Digital twins are a virtual and identical representation or model, with full characterization, of a physical product or system. A digital twin seeks to emulate the actual system by utilizing data analysis and integration, machine learning, and modeling techniques. Commercially, digital twins have been used in various applications, ranging from facility maintenance to engine modeling in order to assess system reliability and response to certain events.
Digital twins have been used across multiple industries including, but not limited to: manufacturing, product development, design customization, performance improvement, predictive maintenance, aerospace, automotive, health care, supply chain, construction, and retail. Defense and maritime applications of digital twins have been limited to optimizing shipyard operations, adding innovation, such as modernizing and standardizing IT architectures, to existing fleets, tracking ship parts, and enabling predictive maintenance of deployed assets.

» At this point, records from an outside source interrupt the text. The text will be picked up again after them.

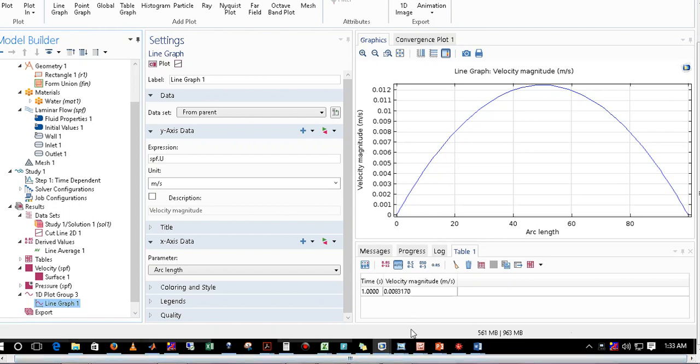This example is for concept and learning purposes only. Never mix this line average with the original average velocity of a pipe flow. I will make a separate video on that topic.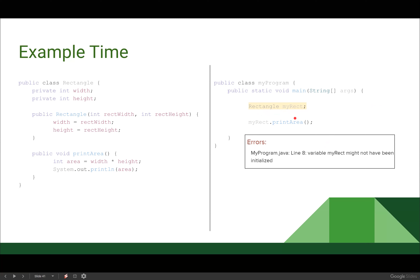If I do not initialize my object — if I do not call my constructor on my rectangle object — and I try to call one of the methods on that object, I'm going to get an error. myRect is going to have that null value in its box, and null doesn't have a printArea method. We need to make sure that our objects are initialized to actually equal an object in order to gain access to those methods.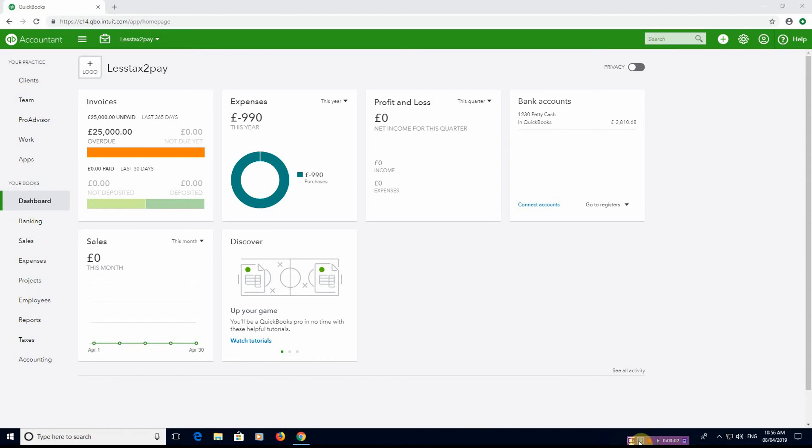Hi everyone, welcome back to Let's Tax the Page tutorial videos on cloud accounting software. Today we're going to be looking at QuickBooks Online and Projects. This is quite a lengthy video because there's quite a lot involved, so I'll try and be as quick as I can while explaining as much as possible.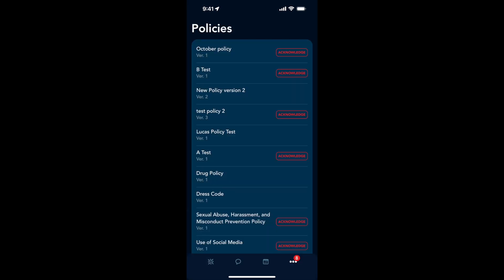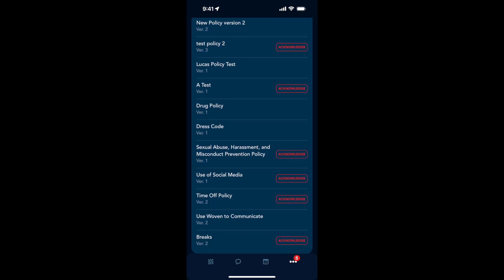I see in the policies list the red stamped acknowledge are all the policies I need to still acknowledge.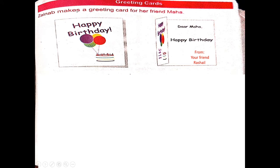Sanab makes a greeting card for her friend Maha. Happy birthday. Dear Maha, happy birthday from your friend Rasheel. I made this card for Maha and Sanab has made her own card for Maha too. This is Sanab's card. She has closed her card.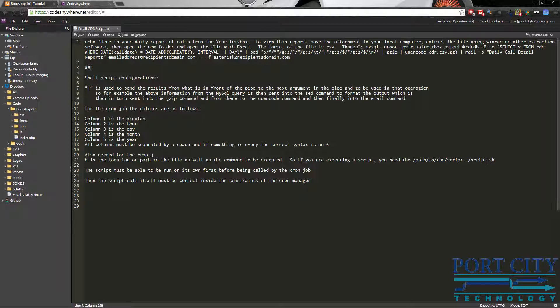You can also set this to a weekly, you know, just by changing the interval minus one to interval minus seven. That'll give you a week. Most of the places I talked to wanted to have each day's and then they can add them together, however they wanted.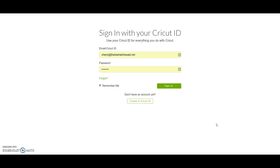Hi everybody! I'm going to do a quick screencast for you to tell you how to upload an SVG file into Cricut Design Space. Start by logging into Design Space with your Cricut ID and password. If you don't have an account yet you can sign up for one right here — they are free.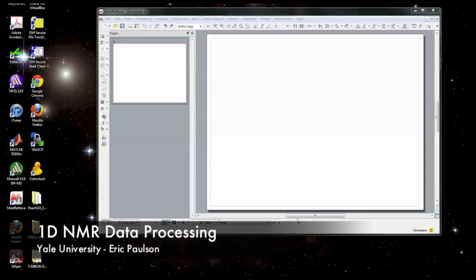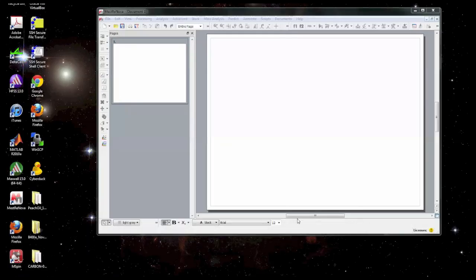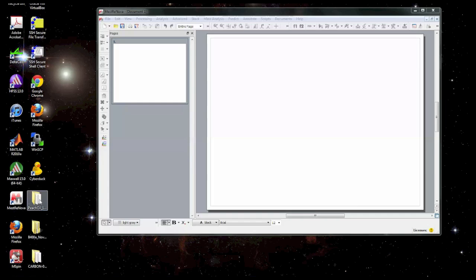In this video I'm going to cover the basics of processing 1D NMR data with Mestronova. In order to do this you already need to have Mestronova installed on your computer and your data transferred onto your computer. There are other videos that cover how to do this.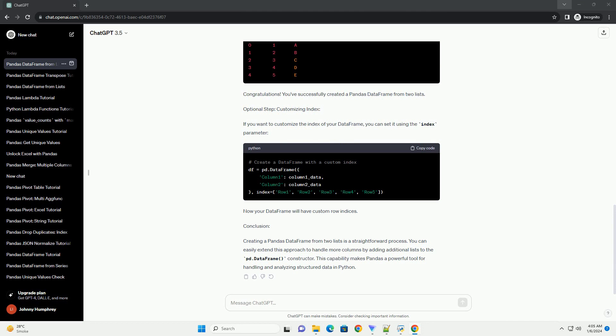Step 1: Import the Pandas Library. Open your Python script or Jupyter notebook and start by importing the Pandas library. Step 2: Create Two Lists. Define two lists, one for each column you want in your DataFrame.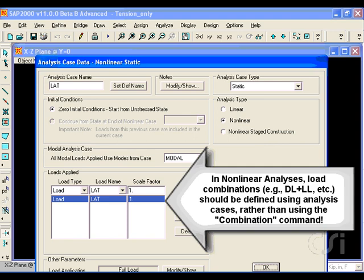Because we are now doing a nonlinear analysis, all combinations should be defined at the analysis case level rather than using combinations, which are typically appropriate only for linear analyses.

Digital twins have become a critical tool and resource in allowing industries to assess, test, and analyze product and system designs prior to fabrication, instilling high confidence through data supported and integrated simulation—however, these is no formal and consistent definition of a digital twin, particularly in an undersea operational setting.

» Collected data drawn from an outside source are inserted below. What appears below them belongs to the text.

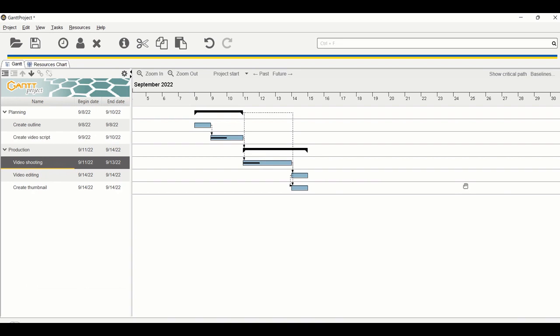GanttProject isn't very complicated to use — it's easy, free, and offers more flexibility than non-specialized software like Excel, which requires a lot of manual setup for project calendars. As a dedicated project management tool, GanttProject makes things much easier. I hope you found this video useful — happy learning and see you in the next video.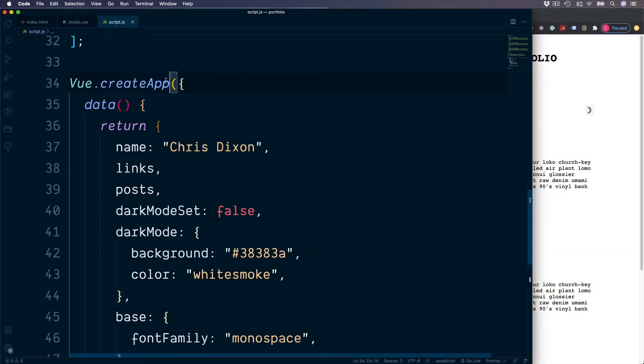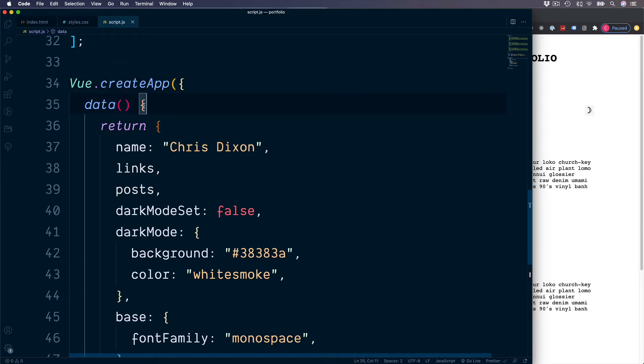Inside of Vue.createApp, so far we've only been working inside of this data section. And now we're going to add a new section, which is going to be for methods. This will allow us to do lots of cool things, such as changing our data and generally making our apps a lot more interactive and useful.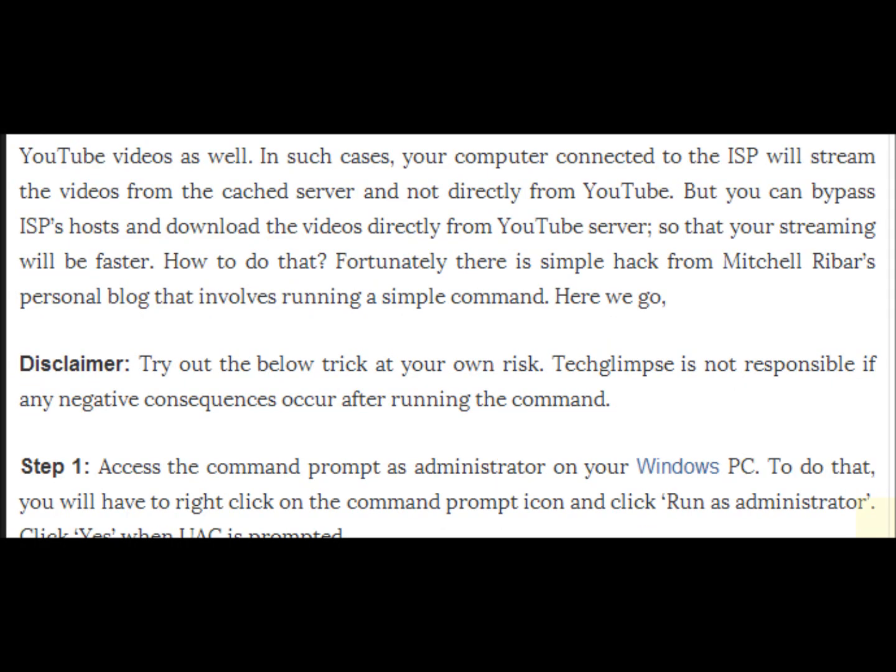Your computer connected to the ISP will stream the videos from cache servers and not directly from YouTube. But you can bypass ISP's host and download the videos directly from YouTube server so that your streaming will be faster.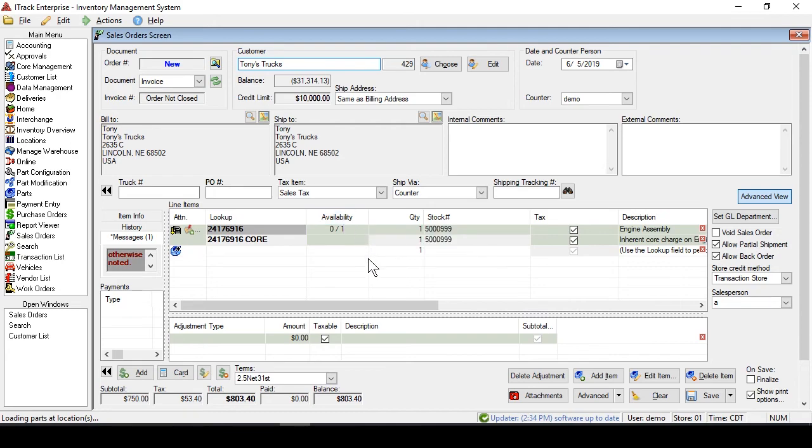There's our engine. We've got our customer, and inside of the internal comments, we'll say that Tony himself must sign for the engine.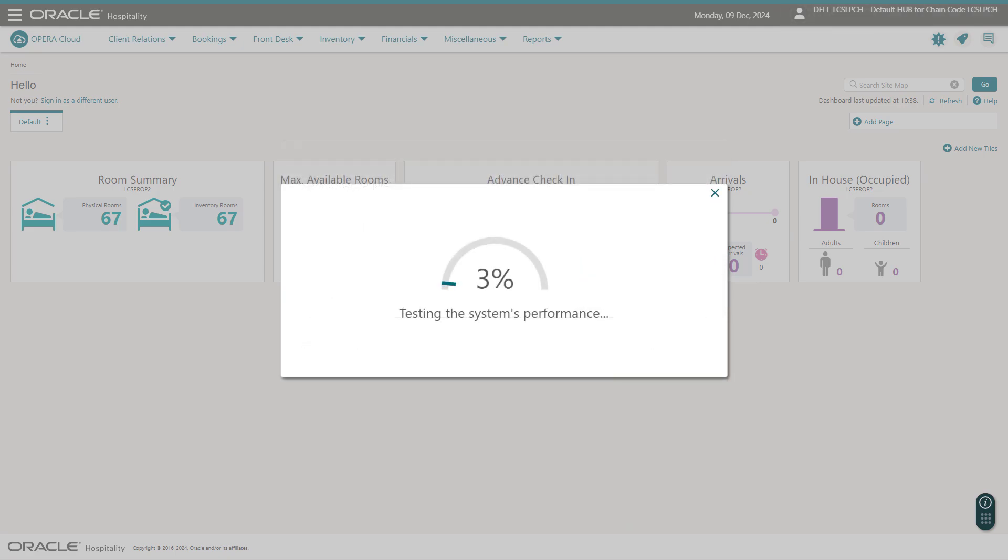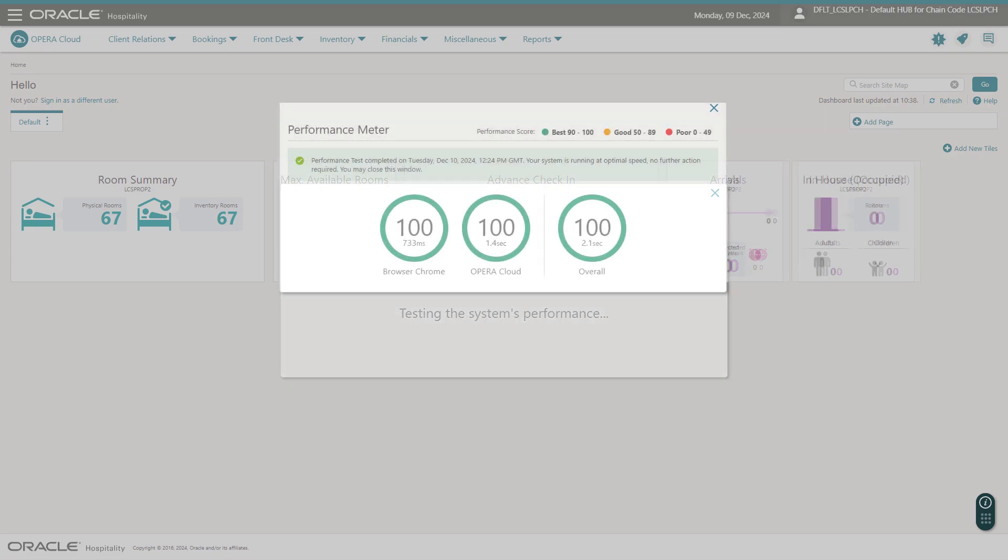When the performance test is complete, the progress meter displays the results. If the results are not optimal, the recommended actions display.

DARPA issued an Aug. 2021 solicitation for the Defining and Leveraging Digital Twins in Autonomous (DELTA) undersea operations program to help it learn how digital twins can add value to UUVs. The objective of this effort is to assess and analyze the feasibility of extending digital twins to the undersea operational environment for autonomous vehicle applications, determine the effects of undersea intermittent communications on the implementation of digital twins in this domain, and define “digital twin” use cases in an undersea operational setting.
The Navy continues to heavily invest in unmanned vehicles – including unmanned surface vessels (USV) and unmanned undersea vehicles (UUV) of all size classes – as part of a strategic shift to a more distributed fleet architecture. As such, the Navy relies on an increasingly unmanned fleet to satisfy an increasingly broad and complex set of operational requirements, particularly in the undersea domain.
This effort seeks to address whether the implementation of digital twins can add value to the UUV mission space, ranging in scale from single UUV deployments to hundreds of sorties, and if so, how digital twins should be employed in a particular scenario. In addition, this effort will investigate the feasibility of translating digital twins to the unmanned undersea environment, which has not been deeply explored by current Navy applications.
The traditional industry application of digital twins relies on robust and continuous communications with the deployed system, which are not always available in undersea operations. Therefore, determining how to address and overcome the intermittent and/or low-data rate communications challenge will be investigated.
Lastly, this effort will evaluate return on investment factors and logistical considerations associated with undersea implementation of digital twins (e.g. what size/scale of deployed UUVs is necessary to begin realizing significant operational efficiencies or advantages across the fleet, and whether digital twins should be maintained centrally at an operations center, on an individual UUV, or a combination of both). Ultimately, the vision is that digital twins could assist the operational commander in better understanding what their unmanned assets are doing, particularly in times of reduced or no communications.
There are numerous military applications for this technology. The Services are becoming more reliant on autonomous systems, and though there has been much discussion within the Department of Defense (DoD) about swarming initiatives, a real-world employment of such systems has yet to be executed and operational.
Commercial companies are already leveraging and capitalizing on digital twins and autonomous technologies. Digital twins would add a higher level of fidelity to existing models and enable real-time prediction of a system’s status, which could decrease the military’s reluctance to cede full control to autonomous agents. Current Naval and other DoD applications of Digital Twins include mirroring the activity of weapons and machines, the maintenance and upgrades of aircraft and engines, as well as government facilities.